The Kitáb-i-Aqdas - The Most Holy Book
Index term: Sháh
We perceive that which secretly and stealthily diffuseth from thee.
This passage is a reference to the intrigues of a group of Azalís, followers of Mírzá Yahyá (see note 190), associated with the city of Kirmán. They include Mullá Ja'far, his son Shaykh Ahmad-i-Rúhí and Mírzá Áqá Khán-i-Kirmání (both sons-in-law of Mírzá Yahyá), as well as Mírzá Ahmad-i-Kirmání. They not only sought to undermine the Faith, but involved themselves in political intrigues which culminated in the assassination of Násiri'd-Dín Sháh.
Call ye to mind Karím
Hájí Mírzá Muhammad Karím Khán-i-Kirmání (1810-circa 1873) was the self-appointed leader of the Shaykhí community after the death of Siyyid Kázim, who was the appointed successor to Shaykh Ahmad-i-Ahsá'í (see notes 171 and 172).
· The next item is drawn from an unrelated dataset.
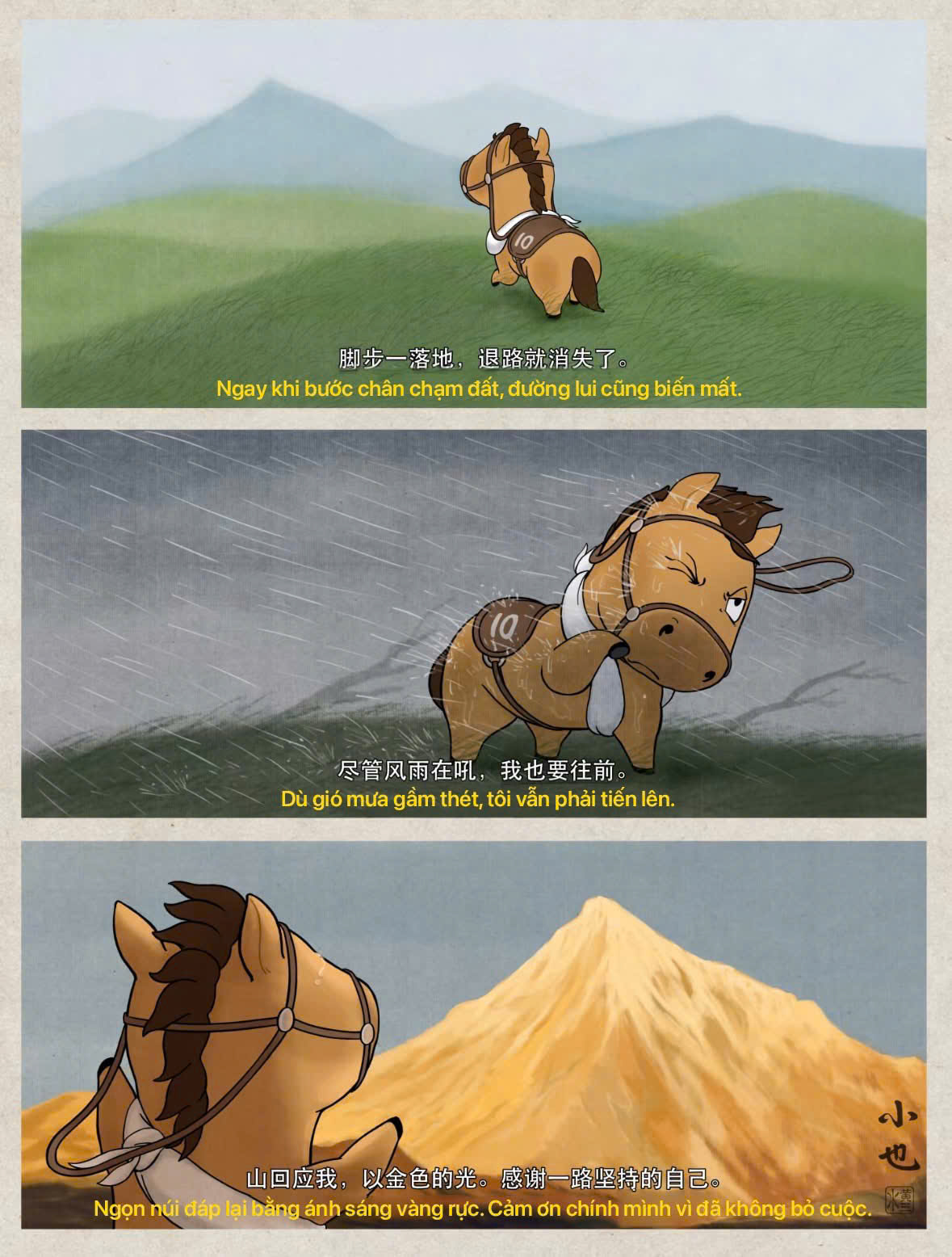 Chú ngựa Mã Tiểu Dã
He dedicated himself to the promotion of the teachings of Shaykh Ahmad. The opinions he expressed became the subject of controversy among his supporters and opponents alike.
Regarded as one of the leading savants and prolific authors of his age, he composed numerous books and epistles in the various fields of learning that were cultivated in those times. He actively opposed both the Báb and Bahá'u'lláh, and used his treatises to attack the Báb and His Teachings. In the Kitáb-i-Íqán, Bahá'u'lláh condemns the tone and content of his writings and singles out for criticism one of his works which contains negative allusions to the Báb. Shoghi Effendi describes him as "inordinately ambitious and hypocritical" and describes how he "at the special request of the Sháh had in a treatise viciously attacked the new Faith and its doctrines".